◆ **Exercise objective**
The required output is every line from the beginning of the entries below through the line that includes "Women's retro Scottish", copied exactly.

[Crawled caption data]
###

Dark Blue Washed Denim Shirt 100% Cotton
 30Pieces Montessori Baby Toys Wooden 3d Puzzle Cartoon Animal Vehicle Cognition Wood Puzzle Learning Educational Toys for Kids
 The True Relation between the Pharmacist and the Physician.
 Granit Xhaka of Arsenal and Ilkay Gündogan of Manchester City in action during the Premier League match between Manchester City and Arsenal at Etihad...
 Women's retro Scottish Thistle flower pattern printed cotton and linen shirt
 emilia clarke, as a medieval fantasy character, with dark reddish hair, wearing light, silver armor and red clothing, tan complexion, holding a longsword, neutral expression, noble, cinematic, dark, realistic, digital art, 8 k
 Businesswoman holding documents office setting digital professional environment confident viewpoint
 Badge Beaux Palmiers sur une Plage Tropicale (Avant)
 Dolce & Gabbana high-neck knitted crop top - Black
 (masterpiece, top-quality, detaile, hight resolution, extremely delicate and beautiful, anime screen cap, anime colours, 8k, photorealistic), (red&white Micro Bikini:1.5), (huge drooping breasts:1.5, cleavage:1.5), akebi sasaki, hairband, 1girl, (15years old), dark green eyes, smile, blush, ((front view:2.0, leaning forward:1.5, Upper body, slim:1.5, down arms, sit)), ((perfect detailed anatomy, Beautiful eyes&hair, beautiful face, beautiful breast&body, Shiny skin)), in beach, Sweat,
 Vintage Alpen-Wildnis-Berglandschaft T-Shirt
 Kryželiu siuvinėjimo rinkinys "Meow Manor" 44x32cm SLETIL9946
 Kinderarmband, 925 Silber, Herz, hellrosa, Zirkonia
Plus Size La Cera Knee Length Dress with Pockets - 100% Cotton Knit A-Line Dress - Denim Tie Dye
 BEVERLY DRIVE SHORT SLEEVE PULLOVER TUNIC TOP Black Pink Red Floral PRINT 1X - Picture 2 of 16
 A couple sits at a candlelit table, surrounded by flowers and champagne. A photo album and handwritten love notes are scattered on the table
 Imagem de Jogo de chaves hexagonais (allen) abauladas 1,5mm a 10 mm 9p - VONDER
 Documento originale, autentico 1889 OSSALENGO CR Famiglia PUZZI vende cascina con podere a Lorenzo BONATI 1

###

◆ **Output for this task**
Dark Blue Washed Denim Shirt 100% Cotton
 30Pieces Montessori Baby Toys Wooden 3d Puzzle Cartoon Animal Vehicle Cognition Wood Puzzle Learning Educational Toys for Kids
 The True Relation between the Pharmacist and the Physician.
 Granit Xhaka of Arsenal and Ilkay Gündogan of Manchester City in action during the Premier League match between Manchester City and Arsenal at Etihad...
 Women's retro Scottish Thistle flower pattern printed cotton and linen shirt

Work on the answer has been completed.